> WHAT TO PRODUCE:
The records that follow need to be printed exactly. Leave out each image.

> GIVEN RECORDS:

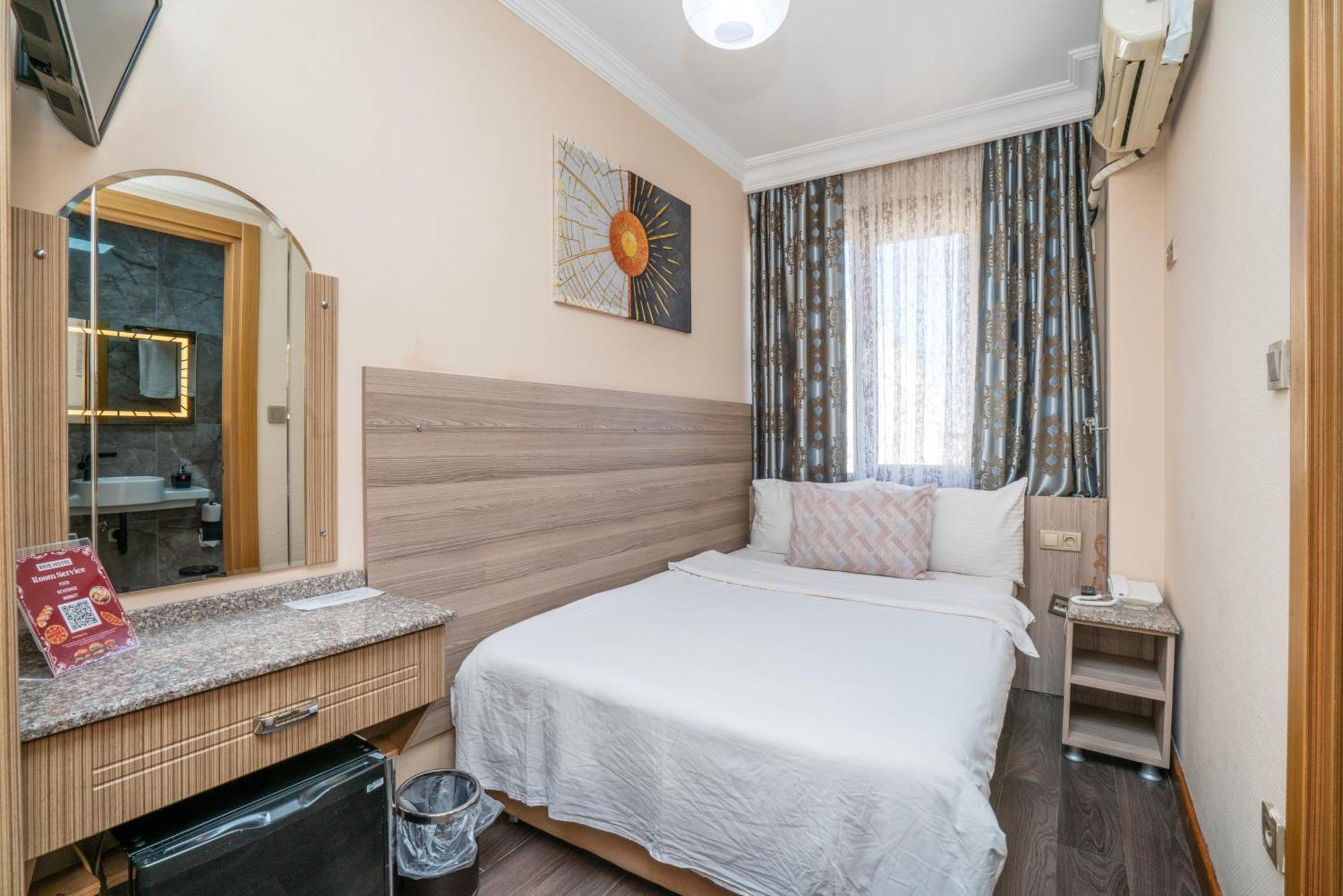 Grand Reis Hotel Istambul Extérieur photo
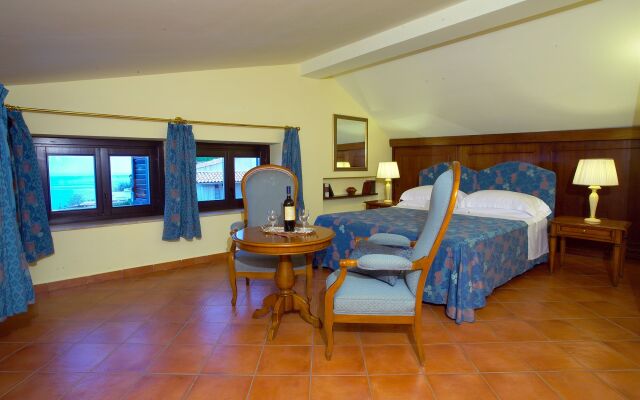 Hotel Sirius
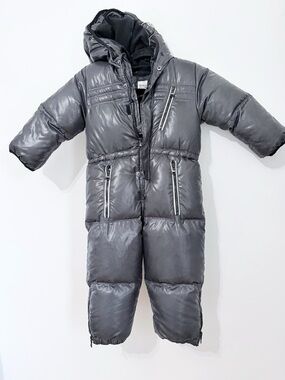Boss Hugo Boss snowsuit size 3T boy one piece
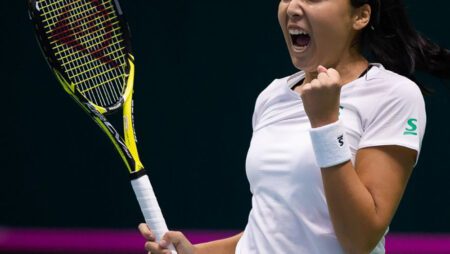 Зарина Дияс переигрывает Анну Шмидлову в первом круге турнира WTA-250 в Люксембурге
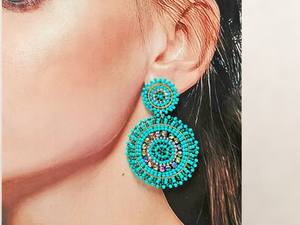 Pendientes Bohemios Tejidos a Mano con Cuentas y Perlas, Tamaño y Diseño Personalizados, Joyería de Aleación para Mujer por MS Handicraft - Product Image 3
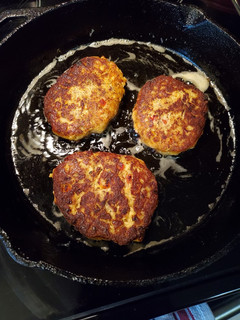 A picture of Salmon patties.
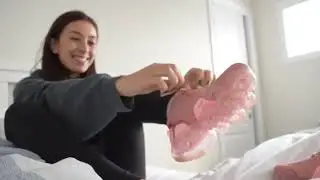 Quick Sneakers and Socks Removal with Soles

> ANSWER TO THE EXERCISE:
 Grand Reis Hotel Istambul Extérieur photo
 Hotel Sirius
Boss Hugo Boss snowsuit size 3T boy one piece
 Зарина Дияс переигрывает Анну Шмидлову в первом круге турнира WTA-250 в Люксембурге
 Pendientes Bohemios Tejidos a Mano con Cuentas y Perlas, Tamaño y Diseño Personalizados, Joyería de Aleación para Mujer por MS Handicraft - Product Image 3
 A picture of Salmon patties.
 Quick Sneakers and Socks Removal with Soles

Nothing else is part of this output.